- PROBLEM STATEMENT -
Write out the entries below once more, exactly, with the pictures left out.

- DATA -
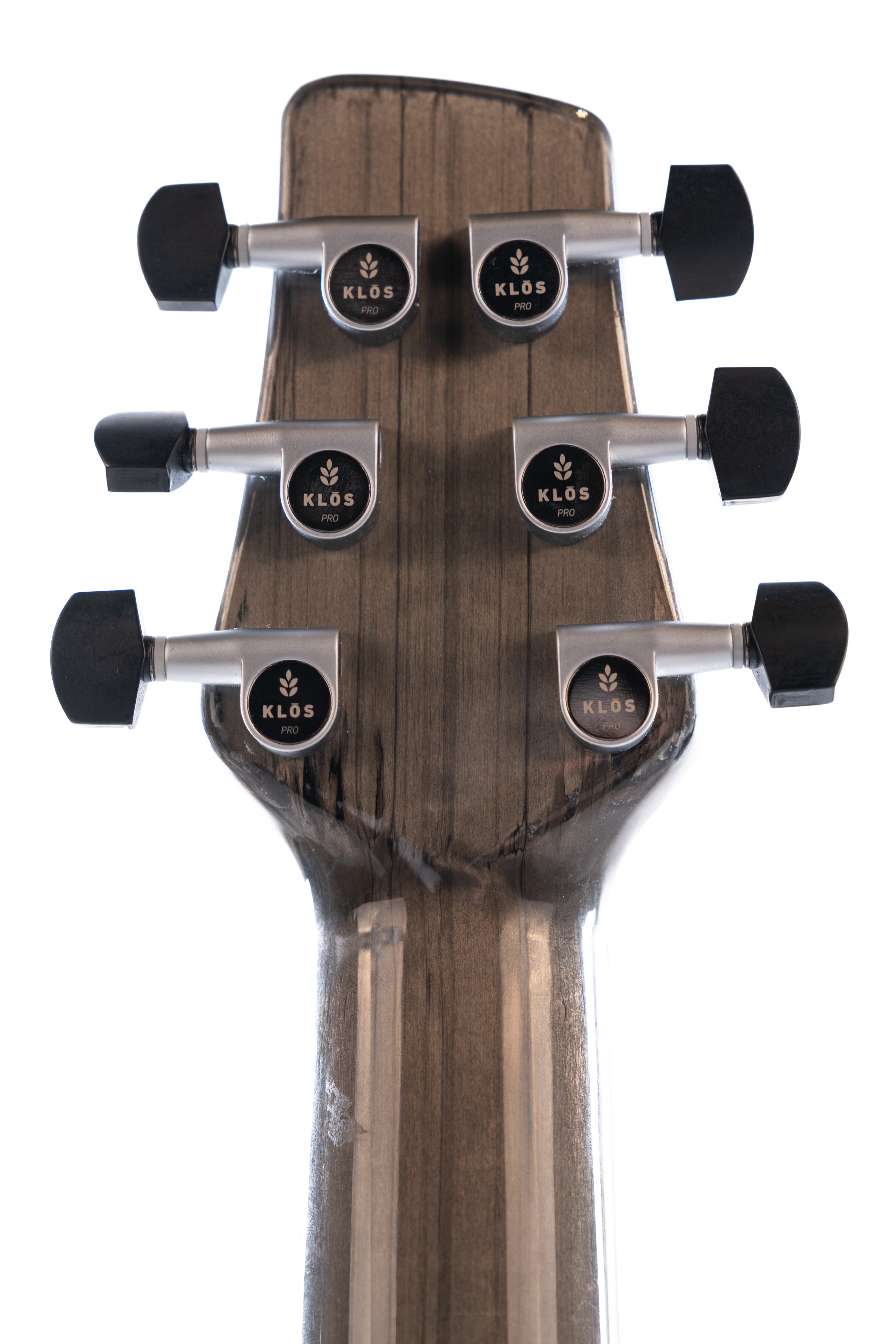 Klos Grand Cutaway Mini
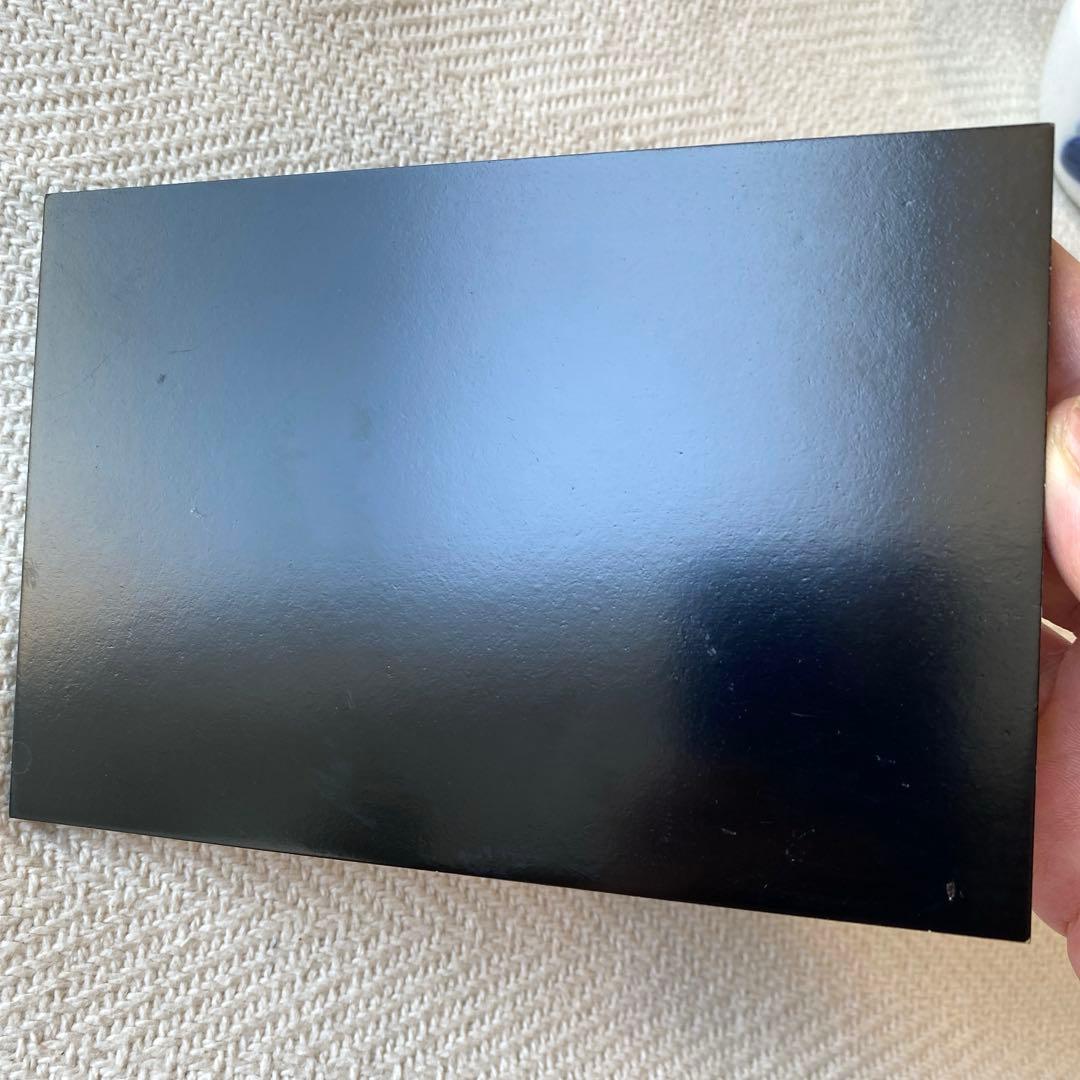 五月人形 陶器 鯉のぼり 鯉幟 武将 藍染金彩 節句飾り 薬師窯 光堂作 昇龍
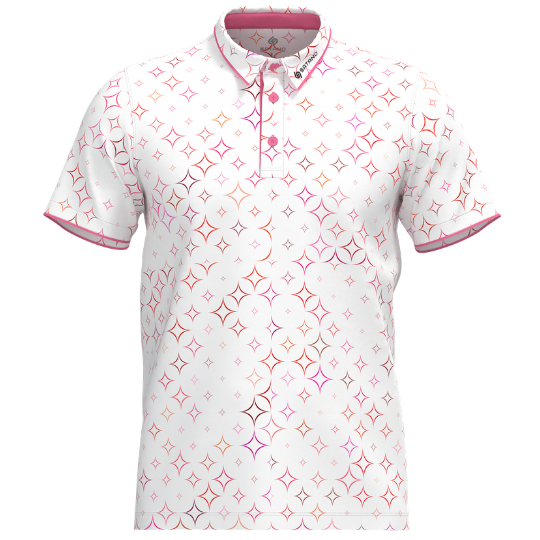 polo cao cấp satano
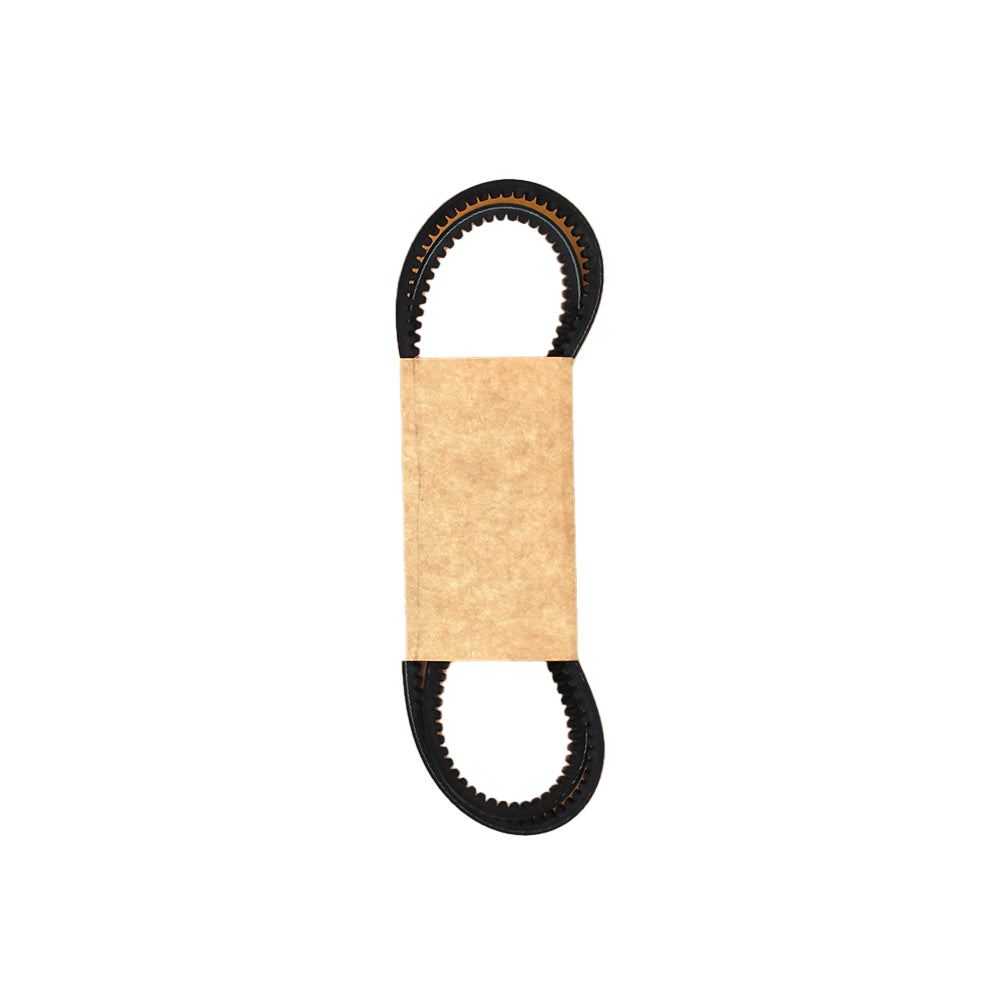 V-Belt Fits Universal Products Replaces 3VX560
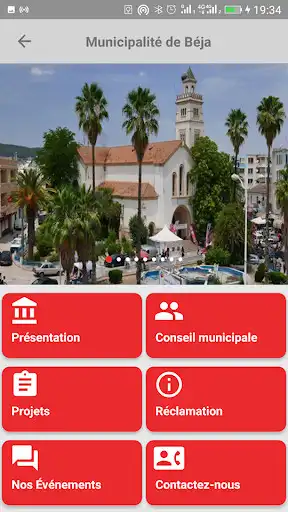 Play Baladietna as an online game online Baladietna with UptoPlay com.Baladietna Play Baladietna as an online game Baladietna with UptoPlay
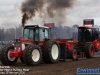 20260228winternightpullingmeertt046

- WRITTEN RESPONSE -
 Klos Grand Cutaway Mini
 五月人形 陶器 鯉のぼり 鯉幟 武将 藍染金彩 節句飾り 薬師窯 光堂作 昇龍
 polo cao cấp satano
 V-Belt Fits Universal Products Replaces 3VX560
 Play Baladietna as an online game online Baladietna with UptoPlay com.Baladietna Play Baladietna as an online game Baladietna with UptoPlay
 20260228winternightpullingmeertt046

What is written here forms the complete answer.